Developer built a Svelte 3.0 + Netlify serverless Latvian noun-conjugation quiz, then abandoned it the day it deployed after realizing building the regex logic had passively taught him the grammar.
Key Takeaways
Hustle culture and tech interviews that score candidates on side-project output create real anxiety for beginners around projects that stall or die.
Latvian has 7 grammatical cases, 2 genders, 3 conjugation patterns per gender – roughly 84 noun endings – which motivated the quiz MVP with a 3-mistake limit and local-storage high scores.
Encoding the conjugation rules into regex to check answers transferred the knowledge out of the app and into the author’s head, making the deliverable redundant.

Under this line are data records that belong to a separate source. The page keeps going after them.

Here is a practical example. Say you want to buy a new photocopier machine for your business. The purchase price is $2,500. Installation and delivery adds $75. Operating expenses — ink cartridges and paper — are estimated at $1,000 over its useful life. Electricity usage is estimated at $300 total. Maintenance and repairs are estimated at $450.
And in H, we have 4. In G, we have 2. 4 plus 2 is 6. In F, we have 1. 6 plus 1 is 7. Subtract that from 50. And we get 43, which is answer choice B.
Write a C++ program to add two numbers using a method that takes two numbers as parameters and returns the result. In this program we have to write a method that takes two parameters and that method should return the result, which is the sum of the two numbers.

Abandoned projects can be reread as a skills log: one old repo showed a first Go API, another had Postgres GIS work, a broken animation later became a production site.
Reframing side-projects as throwaway prototypes removes the pressure to ship and makes them more useful as low-stakes experimentation and learning environments.

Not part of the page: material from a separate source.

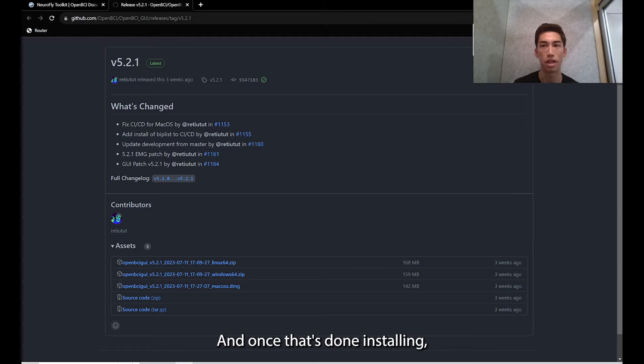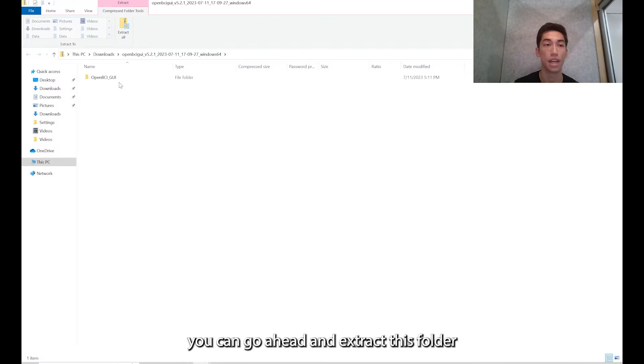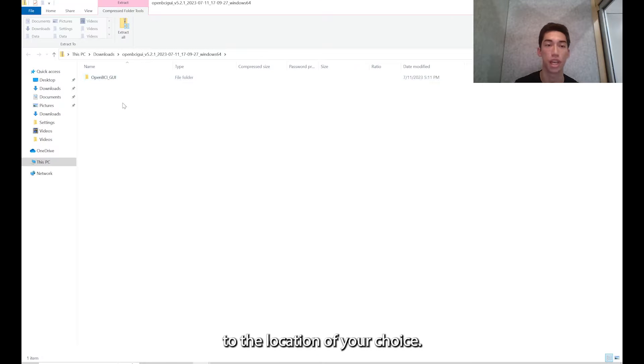Once that's done installing, you can go ahead and extract this folder to the location of your choice.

Hacker News Comment Review
Commenters accept the reframe intellectually but note the emotional sting of abandonment is real and not fully dissolved by retrospective analysis.
A clear split emerged between two stances: projects as creative outlets with no obligation to ship versus projects as implicit market tests – commenters favoring the former drew the line sharply at “market viability” motivation as the point where a side-project loses its purpose.

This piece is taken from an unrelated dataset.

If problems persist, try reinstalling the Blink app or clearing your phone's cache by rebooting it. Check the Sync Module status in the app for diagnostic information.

One commenter extended the time horizon argument: abandoned projects can sit for decades and get finished with more skill later, which reframes abandonment as deferral rather than failure.
Notable Comments
@siwakotisaurav: uses throwaway projects to build reference stacks for AI codegen tools – pointing Claude at prior architecture to skip rethinking scalability each time – and notes abandoned domains can retain SEO value.